There was a pile of dog poop on East 93 street and Avenue D, poop located in front of BH Auto Group Inc. on Flatlands Avenue and East 84th Street, and dog poop the size of a mountain on Foster Avenue and East 86th Street. This was all on April 19, 2022.

The worst of them all was located on East 85th street and Farragut Road right next to the front passenger side of a blue Ford Mustang.

Imagine getting picked up from school in the vehicle in your new all-white shoes.

Once you arrive home, you exit from the front passenger side and hear a loud squishing noise. You look down and you see the bottom of your white kicks turned into a dark brown.

Your reaction would be the title cover of Kendrick Lamar’s 2017 album. DAMN.

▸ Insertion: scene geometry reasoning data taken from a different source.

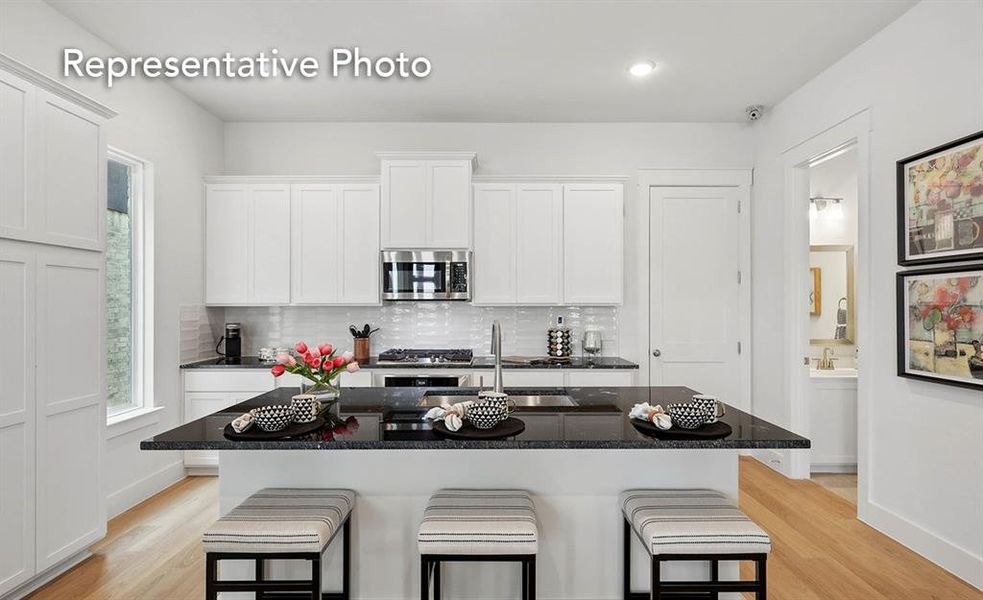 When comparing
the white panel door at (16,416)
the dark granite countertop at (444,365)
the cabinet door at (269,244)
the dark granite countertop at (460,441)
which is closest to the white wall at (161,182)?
the dark granite countertop at (444,365)

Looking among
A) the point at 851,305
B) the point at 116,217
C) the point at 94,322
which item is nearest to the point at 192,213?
the point at 116,217

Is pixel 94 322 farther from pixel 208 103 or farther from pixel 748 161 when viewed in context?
pixel 748 161

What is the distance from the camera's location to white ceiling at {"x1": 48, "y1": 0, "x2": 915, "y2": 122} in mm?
2922

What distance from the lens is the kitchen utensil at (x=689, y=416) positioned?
190 centimetres

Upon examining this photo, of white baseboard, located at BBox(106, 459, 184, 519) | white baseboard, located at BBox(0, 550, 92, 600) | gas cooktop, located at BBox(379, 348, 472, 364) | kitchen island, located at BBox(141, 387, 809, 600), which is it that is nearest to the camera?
kitchen island, located at BBox(141, 387, 809, 600)

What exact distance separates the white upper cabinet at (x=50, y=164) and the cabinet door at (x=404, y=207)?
191 centimetres

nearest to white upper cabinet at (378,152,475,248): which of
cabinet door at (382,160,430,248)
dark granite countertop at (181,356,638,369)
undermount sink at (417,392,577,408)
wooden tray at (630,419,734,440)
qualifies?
cabinet door at (382,160,430,248)

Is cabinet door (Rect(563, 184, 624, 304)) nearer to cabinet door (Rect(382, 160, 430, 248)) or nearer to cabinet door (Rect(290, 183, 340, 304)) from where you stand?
cabinet door (Rect(382, 160, 430, 248))

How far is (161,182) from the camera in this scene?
3.87 metres

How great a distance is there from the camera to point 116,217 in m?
3.59

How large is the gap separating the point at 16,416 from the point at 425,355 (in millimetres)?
2594

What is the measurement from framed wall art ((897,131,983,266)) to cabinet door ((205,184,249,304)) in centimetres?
451

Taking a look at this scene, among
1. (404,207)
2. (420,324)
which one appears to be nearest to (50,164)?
(404,207)

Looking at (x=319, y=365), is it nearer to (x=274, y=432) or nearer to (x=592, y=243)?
(x=274, y=432) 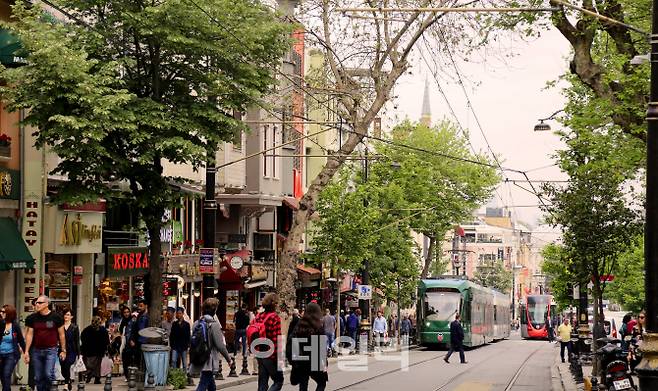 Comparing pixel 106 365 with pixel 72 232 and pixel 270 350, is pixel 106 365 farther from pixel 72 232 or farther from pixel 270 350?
pixel 270 350

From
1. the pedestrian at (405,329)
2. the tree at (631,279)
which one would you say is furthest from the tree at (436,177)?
the tree at (631,279)

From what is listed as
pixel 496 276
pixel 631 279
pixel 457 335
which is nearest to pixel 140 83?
pixel 457 335

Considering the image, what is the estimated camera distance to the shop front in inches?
1132

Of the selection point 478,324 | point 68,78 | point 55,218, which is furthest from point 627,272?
point 68,78

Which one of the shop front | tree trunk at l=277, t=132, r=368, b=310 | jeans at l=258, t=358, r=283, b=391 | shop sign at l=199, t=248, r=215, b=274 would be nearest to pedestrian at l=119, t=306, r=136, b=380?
the shop front

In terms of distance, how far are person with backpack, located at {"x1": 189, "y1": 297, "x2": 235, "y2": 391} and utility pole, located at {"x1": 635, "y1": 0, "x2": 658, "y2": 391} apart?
7789 mm

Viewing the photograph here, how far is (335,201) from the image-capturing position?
51.0 m

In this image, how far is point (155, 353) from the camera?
22.2 metres

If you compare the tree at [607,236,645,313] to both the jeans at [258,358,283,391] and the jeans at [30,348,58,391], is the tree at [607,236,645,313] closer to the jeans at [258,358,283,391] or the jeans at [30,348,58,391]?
the jeans at [258,358,283,391]

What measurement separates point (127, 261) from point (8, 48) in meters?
10.6

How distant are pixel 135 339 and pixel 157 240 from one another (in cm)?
227

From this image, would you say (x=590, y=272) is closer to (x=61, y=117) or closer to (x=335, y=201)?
(x=61, y=117)

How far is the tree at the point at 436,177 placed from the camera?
2756 inches

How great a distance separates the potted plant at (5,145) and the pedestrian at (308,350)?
1102cm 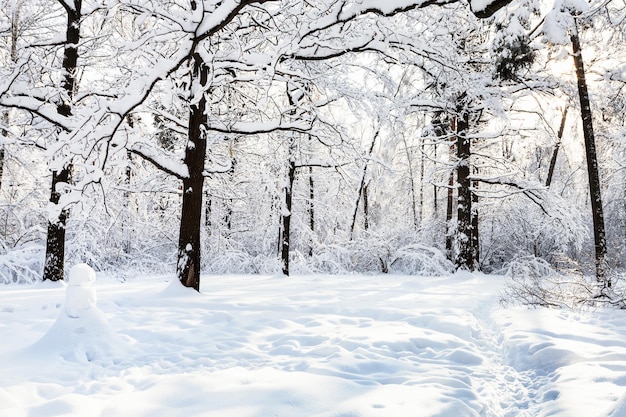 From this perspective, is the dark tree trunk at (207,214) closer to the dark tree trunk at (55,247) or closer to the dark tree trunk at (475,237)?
the dark tree trunk at (55,247)

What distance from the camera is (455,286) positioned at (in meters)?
10.4

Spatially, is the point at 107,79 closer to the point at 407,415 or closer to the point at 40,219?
the point at 40,219

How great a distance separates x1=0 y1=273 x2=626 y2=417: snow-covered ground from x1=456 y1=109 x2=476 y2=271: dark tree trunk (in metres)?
7.17

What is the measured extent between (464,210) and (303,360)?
1111 cm

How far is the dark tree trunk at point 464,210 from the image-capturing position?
13.9m

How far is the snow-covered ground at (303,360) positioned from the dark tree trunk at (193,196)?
1.13m

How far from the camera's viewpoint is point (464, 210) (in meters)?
13.9

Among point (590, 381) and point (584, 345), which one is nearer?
point (590, 381)

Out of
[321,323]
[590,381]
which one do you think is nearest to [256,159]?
[321,323]

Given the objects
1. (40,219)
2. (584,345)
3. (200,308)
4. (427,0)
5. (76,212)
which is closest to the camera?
(427,0)

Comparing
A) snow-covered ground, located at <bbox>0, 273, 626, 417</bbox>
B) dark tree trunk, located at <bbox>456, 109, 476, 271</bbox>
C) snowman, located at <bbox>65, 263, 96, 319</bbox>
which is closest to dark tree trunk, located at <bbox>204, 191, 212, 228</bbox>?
dark tree trunk, located at <bbox>456, 109, 476, 271</bbox>

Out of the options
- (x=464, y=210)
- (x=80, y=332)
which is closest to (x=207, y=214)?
(x=464, y=210)

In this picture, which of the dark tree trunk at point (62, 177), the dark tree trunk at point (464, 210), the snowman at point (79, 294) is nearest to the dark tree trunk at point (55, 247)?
the dark tree trunk at point (62, 177)

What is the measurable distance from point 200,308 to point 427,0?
4935mm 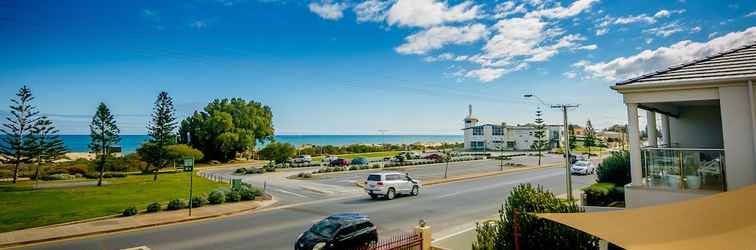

But flash news: while this story was being reported, Manhattan City Councilman Erik Bottcher held a news conference to announce a “There is No Poop Fairy” campaign to focus on resolving the dog poop problem.

And almost immediately, the newly appointed sanitation commissioner Jessica S. Tisch told ABC 7 Eyewitness News: “Keeping New York City clean is a ruff job, and any New York dog owner who thinks they can ignore their responsibilities is barking up the wrong tree,” she said in a statement.

Residents in Canarsie will wait and see.